And so we meet again, I try to regain my composure as the wave of panic comes over me. You try to regain your ability to stand and ask me to take you home. I feel alone as we sleep in the same bed. You’re different now, you snore. I’m different now, I try to be indifferent now. Keeping it easy with the cautious bachelor, shaking things up as I learn to be alone. I don’t think I could hurt you anymore and yet I try to keep my heart concealed as to not disrupt my lessons of solitude that seem to add a glow and smile to my face. As I huddle to you in the dark for warmth, I know you will be cold in the morning. We laugh as our visit comes to a close. Another confusing rendezvous as I try to keep my obsessions loose.
Now for something real and less poetic:
I turn 25 on Thursday. I just broke up with my boyfriend of 4 years because it didn’t feel like he was in love with me, we were best friends but that is where it ended. Such a romantic as myself needs much more. I just moved home to live with my parents and find a job in my hometown. I anticipate much more on the subject of old crushes and hopefully some new ones, all while trying to find myself as a happy independent girl.

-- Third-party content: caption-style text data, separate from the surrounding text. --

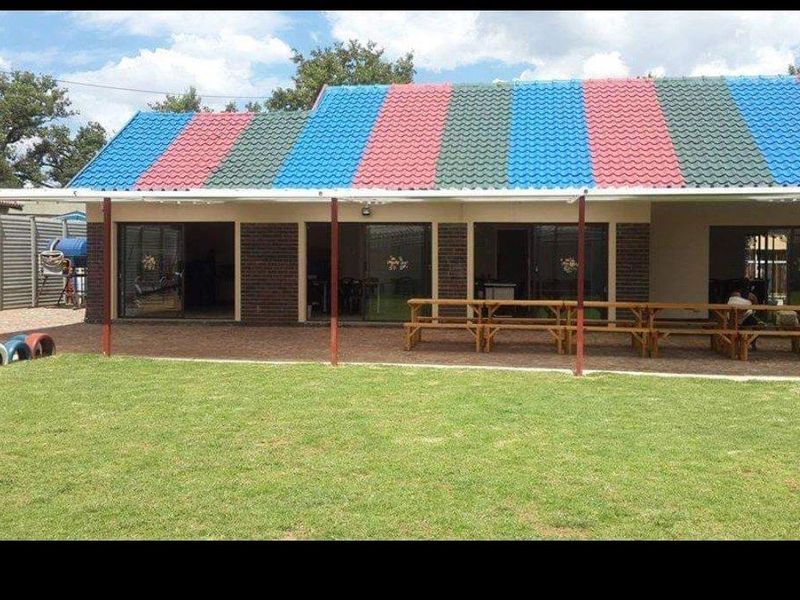 Rear view of a commercial property featuring a covered patio area, paved flooring, and a large lawn, with distinctive multi-colored roof tiling.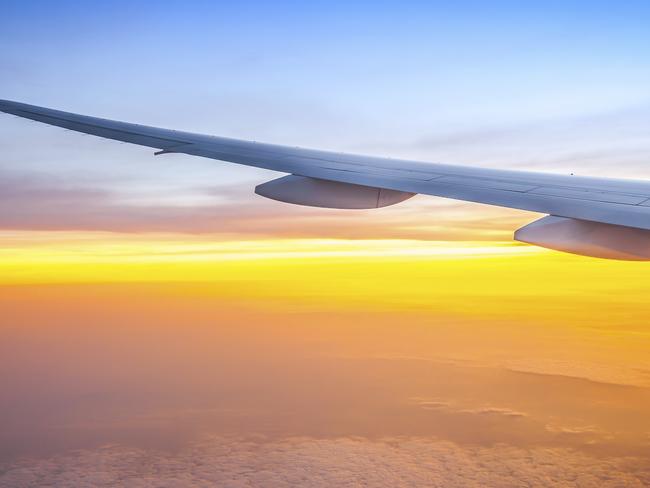 Airplane wing and sunrise over clouds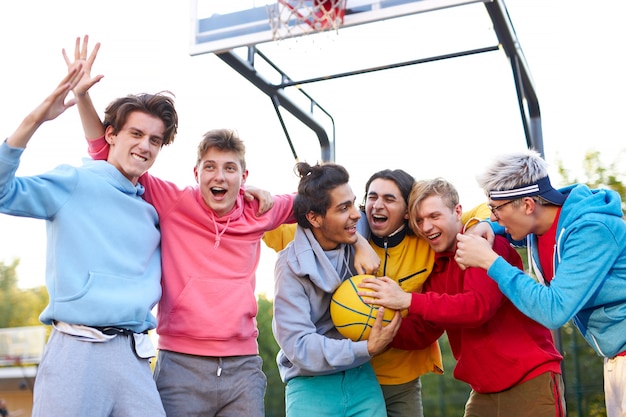 Vrolijke, gelukkige groep jonge jongens vieren hun winnende, blanke jongens die elkaar feliciteren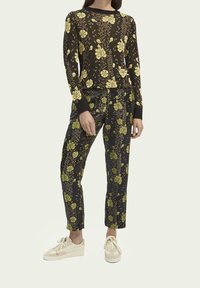 Top negro de manga larga con un patrón floral amarillo; combinado con pantalones florales negros; modelo usando zapatillas beige; textura de tela suave.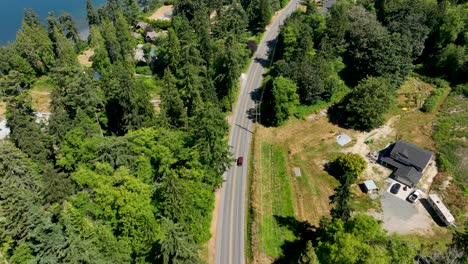 vista aérea de drones de un auto rojo conduciendo cerca del océano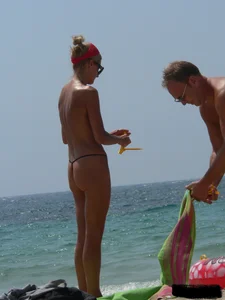 Topless skinny blonde lady in a g-string bikini at the beach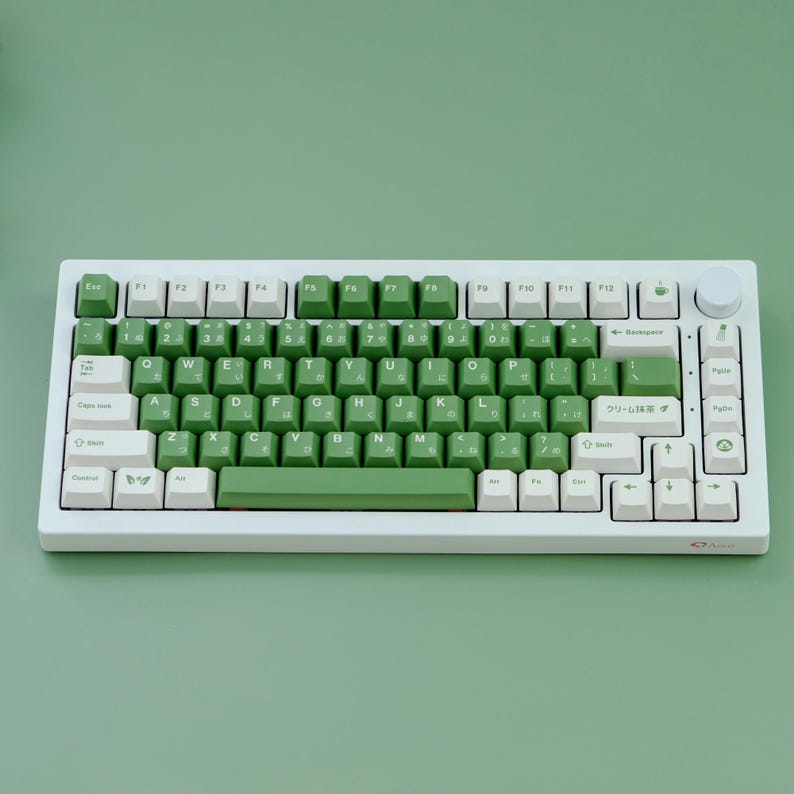 May include: A white mechanical keyboard with green and white keycaps. The keyboard has a full layout with function keys, a number pad, and a volume knob. The keycaps feature both English and Japanese characters. The keyboard sits on a green surface.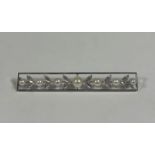 A large 9ct white gold and cultured pearl bar brooch, c. 1920, set with seven graduated pearls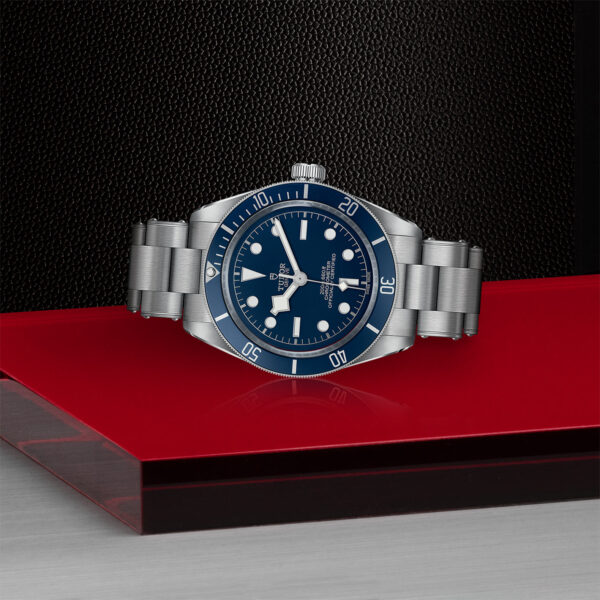 TUDOR Black Bay Fifty-Eight Watch with a 39mm Steel Case, Steel Bracelet (M79030B-0001) Laying Down on Red Tray
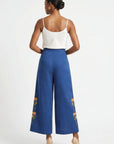 Fanm Mon Arel Pant back view on model featuring a high-rise waist, wide legs and floral embroidery along the outer legs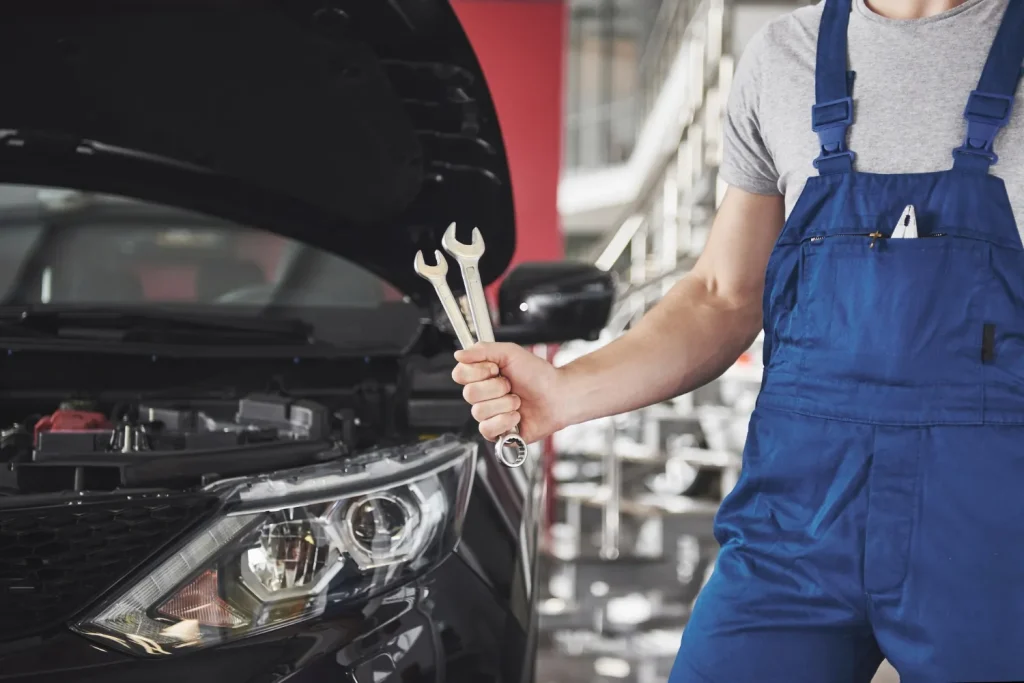 Close-up of a mechanic in blue overalls holding two open-end wrenches in front of the open hood of a black car.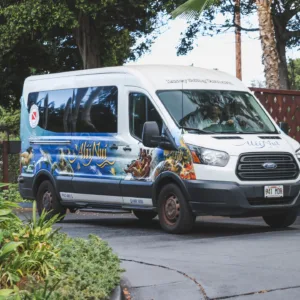 Large van transporting guests across Maui island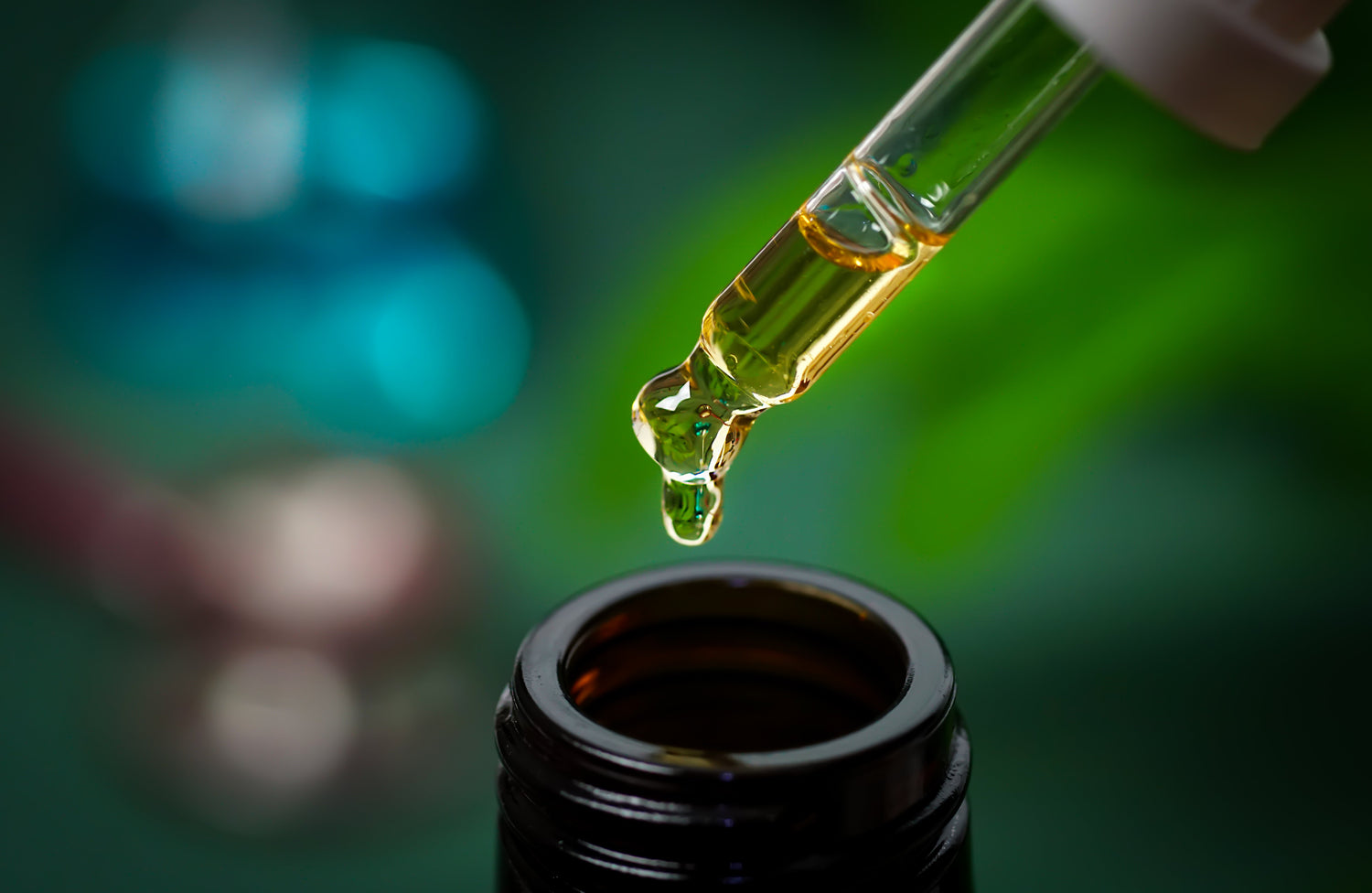 CBD-Hanföl, eine Hand hält einen Tropfen Cannabisöl vor einem unscharfen Becherglas-Hintergrund. Alternative Medizin. Tropfendosierung eines biologischen und ökologischen Hanfpflanzen-Arzneimittels (CBD-Öl).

I’m tired of carrying torches but I need some way to see in the dark.
December 27, 2009
December 20, 2009
I find myself coming home to a sky full of stars as the moon waxes and wanes to the tune of my breaking heart. This lesson in loneliness is more than I can bare and yet I continue to contemplate and wager the benefits of a life of solitude. I watch and want for you as your life falls apart whilst you are trying to build and change it into something new. People pulling you in every direction, I do my best to keep silent and scream only behind your back as to not further disrupt your ecosystem of confusion. In time the pieces will fall into place but for now I wait, want and continue learning loneliness. No amount of heavy drink or dancing can soothe away the pain of an unrequited infatuation, but I continue to substitute simple glances for actual substance. Your touch is too much while it means little to you, I have started to tumble down this rabbit hole, and each night I spend in solitude I start to convince myself of an exit strategy or how to dig deeper.
December 12, 2009
I can see your hand there, in the shadows of my mind. As I wake I dream of you, as I study my own hands I think of yours. Your long fingers running through your hair, why is it that I cannot forget you? And why is it that I only let myself remember the romantic stupor inducing times? I still dream of you in sleep, I ask you to acquiesce to me while you drive away laughing at the thought, as well as the unnecessary vocabulary use. In the past I was able to put thoughts of you aside but now that we reside on the same coastline and keep the same hours I can't help but dwell on thoughts and dreams of you. However fleeting they may be these thoughts keep my head above water while I continue to drown in listlessness. Doors open and unlock around me, I am searching for some kind of door that will end this flood I am hiding in. I do wonder what will happen first; will the shadows of my mind forget your hands or will the waters overcome what's left of my dreams?